According to the senator's findings, the effect of this operation is being played out during Supreme Court Chief Justice John Roberts' tenure, which has handed down at least 80 partisan decisions that advanced conservative interests.

"It's a terrible record," Whitehouse said.


When Whitehouse began investigating the matter years ago, he "had a general sense that things had gone off the rails" at the Supreme Court and wanted to do research to show "how big, special interests hiding behind dark money had been able to exert their power," he told Insider.
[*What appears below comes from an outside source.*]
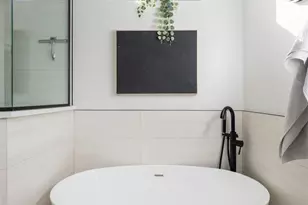 1695 Zenobia St, Denver, CO 80204 - Photo 31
In a report published last year by the Harvard Journal on Legislation, Whitehouse laid out his evidence of the dark money trail by pointing to major Supreme Court decisions that delivered wins to conservatives. Those rulings included allowing unlimited corporate spending on political campaigns, reversing the rights of labor unions, and weakening voting rights.

The trend is only continuing, according to Whitehouse. What he finds most troubling is an increase in the number of legal briefs, known as amicus briefs, that are filed without any financial disclosure to convince the justices to rule a certain way.

"The rule of the court purports to say that you can't hide behind a front group. There's almost no other situation in court where somebody is allowed to come in and not identify themselves, and yet there is conspicuous non-enforcement of that rule, and it deprives the public of seeing the coordination among the phony front groups," Whitehouse said, adding that he doesn't "understand why the court doesn't clean that up itself."

In the current term, hundreds of briefs tied to a slew of contentious cases have been filed to the Supreme Court. One highly-watched case, concerning a Mississippi law that bans abortion after 15 weeks of pregnancy, has attracted dozens of briefs that express support for or opposition to the law.

"We're seeing in real time this vector of anonymous influence deploying in enormous numbers on these political cases and that's just a rotten site for a court to present to the country," Whitehouse said.